En l'espèce, l'assistante familiale qui avait demandé que l'enfant lui soit confiée en qualité de tiers digne de confiance dispose du droit d'appel dans la mesure où elle était partie en première instance et avait intérêt à interjeter appel.

Faits et procédure. Une enfant est confiée dès sa naissance à l'aide sociale à l'enfance de Guyane (ASE). Une assistante familiale salariée de l'ASE la prend en charge alors qu'elle est âgée de cinq jours.
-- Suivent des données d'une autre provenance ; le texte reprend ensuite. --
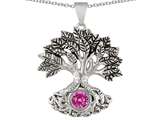 Celtic Love by Kelly Tree Of Life Good Luck Pendant With 7mm Round Created Pink Sapphire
Par jugement du 31 juillet 2020, le juge des enfants ordonne la mainlevée de son placement, la remet à son oncle maternel, en qualité de tiers digne de confiance, et accorde à l'assistante familiale un droit de visite.

Par un arrêt du 27 novembre 2020, la cour d'appel de Cayenne déclare irrecevable l'appel formé par l'assistante familiale le 22 septembre 2020.

Décision. Pour déclarer irrecevable l'appel de l'assistante familiale, la cour d'appel retient que la qualité d'assistante familiale salariée de l'ASE la prive de tout recours contre les décisions du juge des enfants.

La première chambre civile de la Cour de cassation juge, qu'en statuant ainsi, alors que l'assistante familiale, qui avait demandé que l'enfant lui soit confiée en qualité de tiers digne de confiance, était partie en première instance et avait intérêt à interjeter appel, la cour d'appel a violé les textes susvisés.

Pour aller plus loin : v. ÉTUDE : L'autorité parentale sur la personne de l'enfant, La procédure applicable en matière d'assistance éducative, in L'autorité parentale, (dir. A. Gouttenoire), Lexbase (N° Lexbase : E5834EYQ).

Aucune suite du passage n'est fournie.